Katha, 31, backt Weihnachtsplätzchen mit Hasch und verteilt sie an ihre Großeltern, ohne sie vorzuwarnen. Sie hat das mal in einem Film gesehen und damals sehr gelacht.
Norbert, 40, arbeitet bei einer großen Versicherung. Zu Weihnachten schenkt er seinen Kindern Schlüsselanhänger, Kugelschreiber, Bleistifte und Schreibblöcke mit dem Logo seines Arbeitgebers.
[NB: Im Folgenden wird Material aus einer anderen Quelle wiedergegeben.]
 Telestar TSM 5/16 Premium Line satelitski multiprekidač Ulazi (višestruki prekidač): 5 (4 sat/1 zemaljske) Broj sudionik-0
Milos, 33, wollte dieses Jahr unbedingt das Weihnachtsessen für seine Familie ausrichten. Er kauft Döner für alle und sagt, das sei postmodern.
Ismail, 21, sagt zu seiner Freundin: “Ich bin so glücklich mit dir, ich will gar kein Geschenk.” Sie hält sich dran. Er ist beleidigt.
Oma Lisl, 87, kennt nur Weihnachtslieder aus der Volksweihnacht ’44.
Benno, 27, erklärt seinem Bruder, dass Weihnachten eine einzige ekelhafte Lüge und Erfindung des Kapitalismus sei. Sein Bruder ist fünf.
Kevin, 26, hat noch nie Kevin – Allein zu Haus gesehen.
Peter, 24, bleibt an Weihnachten in der Großstadt und fährt nicht zu seinen Eltern nach Bayern. Er hat dort keine Grasdealer und hat Angst, selbst welches mitzubringen.
Jürgen, 52, schenkt seinem neunjährigen Sohn den Todesstern von Lego. Nach dem Auspacken sagt Jürgen übertrieben bedauernd: “Oh! Leider erst ab 14+, dann muss ich den wohl selbst zusammenbauen.”
Torsten, 47, hört jedes Jahr die Weihnachts-CD von den Toten Hosen.
Ina, 24, ordnet alle Figuren in der Weihnachtskrippe ihrer Oma so an, dass es aussieht wie ein riesiger Gangbang zwischen Menschen und Tieren.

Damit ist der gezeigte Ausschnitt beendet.